Did you know: Before coins and other forms of token money were invented, many societies commonly used cattle as currency and an indicator of wealth. In India, for instance, the term pasu-dhan (पशु-धन) has been in use since ages; in Ireland, “cattle…were used as currency up to around 1400 CE, long after the introduction of coinage” and in some African communities, the bride-price or lobola, continued to be paid in cattle till recent times.
Latin of pasu or cattle is pecu (which also meant flock) and the root-word pecunia was used to refer to cattle-wealth. Later, the word also took on the broader sense of money or property.
Thus, today if we say that a corporation has a pecuniary interest in a case we mean it has a financial stake in it and a pecuniary reward refers to a monetary reward.

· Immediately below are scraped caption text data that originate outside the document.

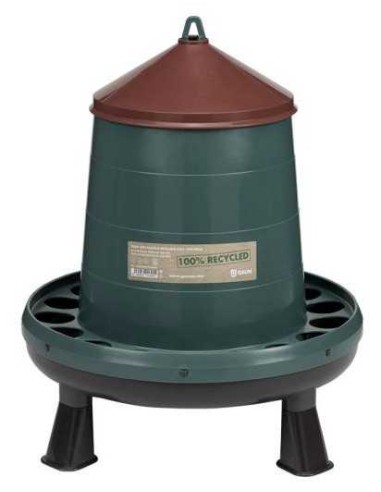 COPELE TOLVA AVES PLÁSTICO RECICLADO CON PATAS 2 KG 4 KG 8 KG 16 KG 12 KG - 2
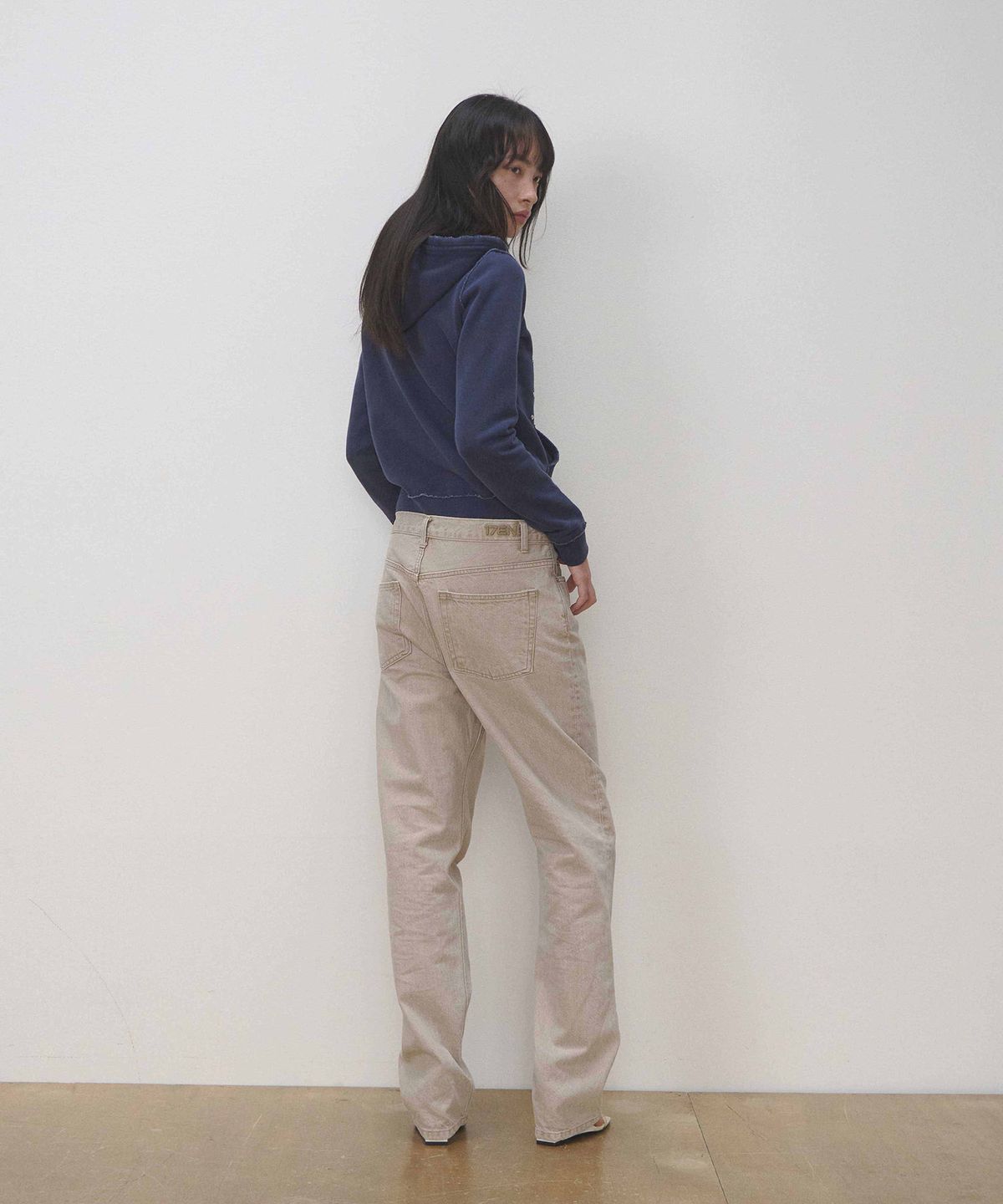 세븐틴엔드(17END) F 001 SAND BEIGE WASHED DENIM
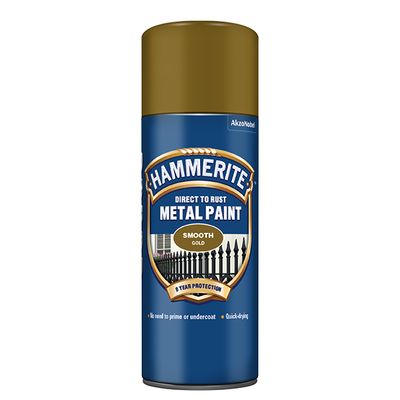 HAMMERITE METAL PAINT SMOOTH GOLD AERO 400ML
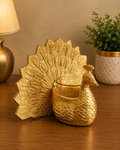 Peacock Tealight Candle Holder – Gold & Silver Finish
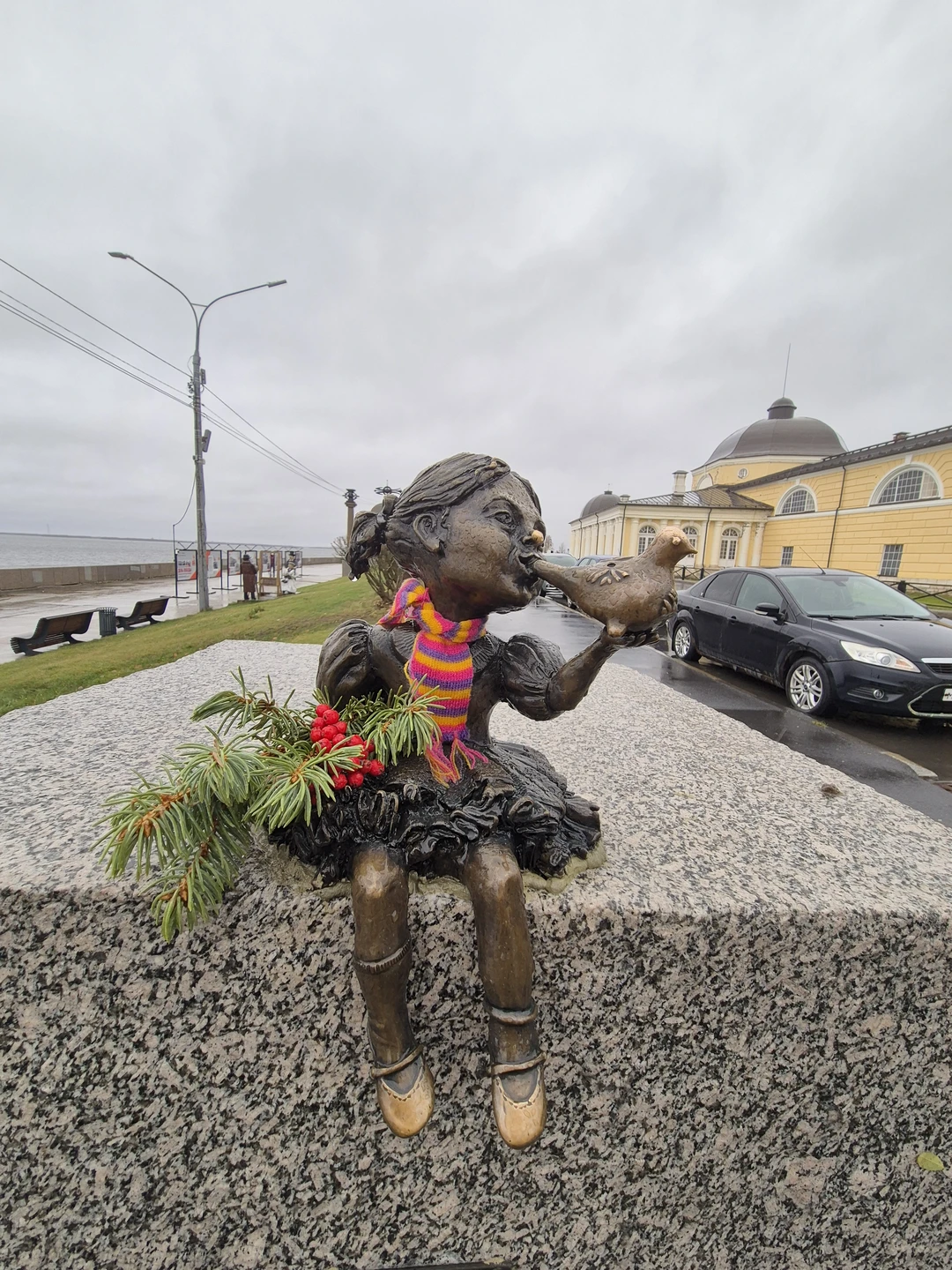 16 октября побывали на экскурсии по Архангельску с Дмитрием, маршрут хороший, узнали много нового и интересного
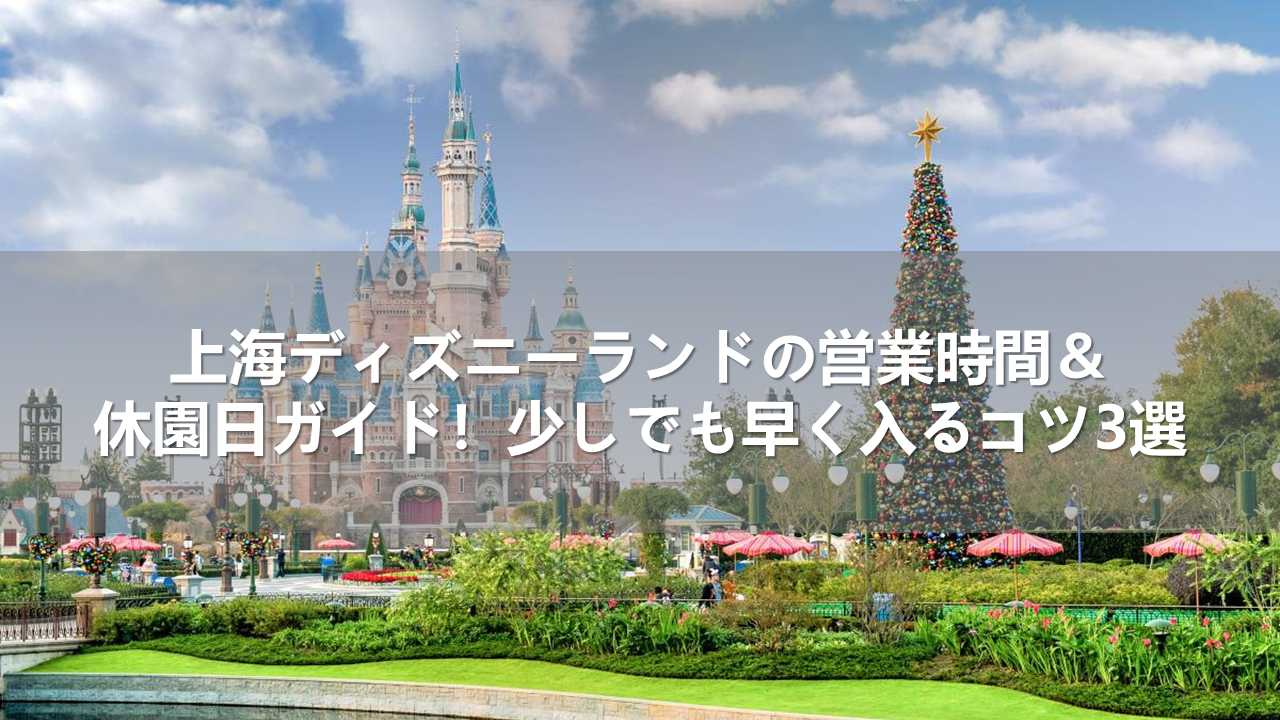 上海ディズニーランドの営業時間&休園日ガイド!少しでも早く入るコツ3選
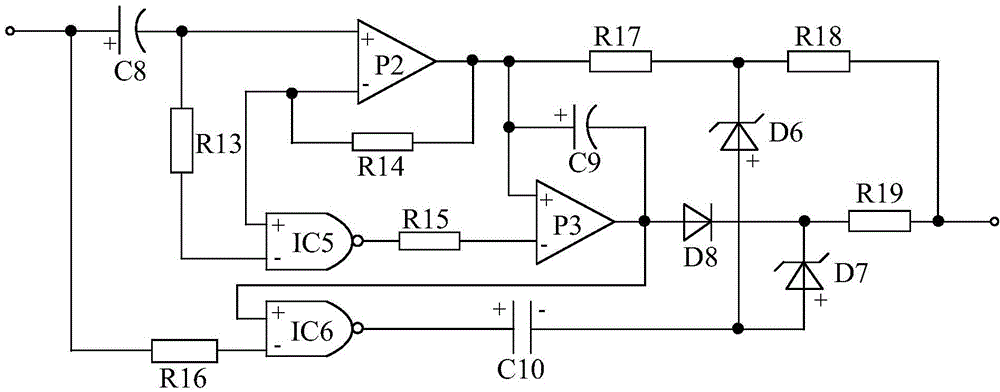 Novel power supply for logic protection amplification type power system fault detection device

A pecunious (now a rarely used word) friend, similarly, has a lot of money or wealth, while an impecunious friend is penniless or broke. And if a newspaper headline says, ‘Senior officials charged with peculation’, it means they are accused of embezzlement of money or wealth entrusted to them. (See here, for example)

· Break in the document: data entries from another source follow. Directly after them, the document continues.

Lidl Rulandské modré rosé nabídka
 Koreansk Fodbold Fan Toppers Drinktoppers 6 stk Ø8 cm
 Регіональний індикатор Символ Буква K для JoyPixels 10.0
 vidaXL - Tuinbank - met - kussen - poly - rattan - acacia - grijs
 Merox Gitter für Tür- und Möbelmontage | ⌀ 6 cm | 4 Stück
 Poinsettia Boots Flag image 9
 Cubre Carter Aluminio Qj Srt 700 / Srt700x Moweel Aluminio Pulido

Related Latin root peculium was used to refer to private property and peculiaris meant ‘one’s own’. Thus, if someone today says that the Mithila style of painting is peculiar to Bihar or a given grape variety is peculiar to France, they mean it’s typical of or exclusive to that region.
However, as things that are not shared by the majority are often seen as odd, peculiar has also taken on the sense of unusual or strange, as in, she said some thing very peculiar to me last night or he is a rather peculiar person.